_Task goal_
Give again, word for word, every line in the entries below from the line with "Mind Map: Usunde kostvaner hos unge" up to and including the line with "GPU сервер Supermicro SYS-822GS-NB3RT GPU", and no other line.

_Available data_
--- START ---

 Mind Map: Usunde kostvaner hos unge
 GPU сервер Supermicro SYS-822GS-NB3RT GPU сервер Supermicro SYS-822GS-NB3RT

--- END ---
--- START ---

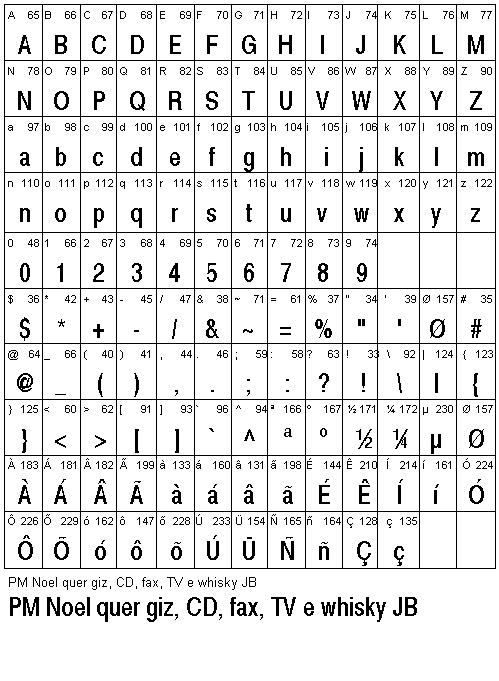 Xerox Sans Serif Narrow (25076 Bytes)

--- END ---

_Problem solution_
 Mind Map: Usunde kostvaner hos unge
 GPU сервер Supermicro SYS-822GS-NB3RT GPU сервер Supermicro SYS-822GS-NB3RT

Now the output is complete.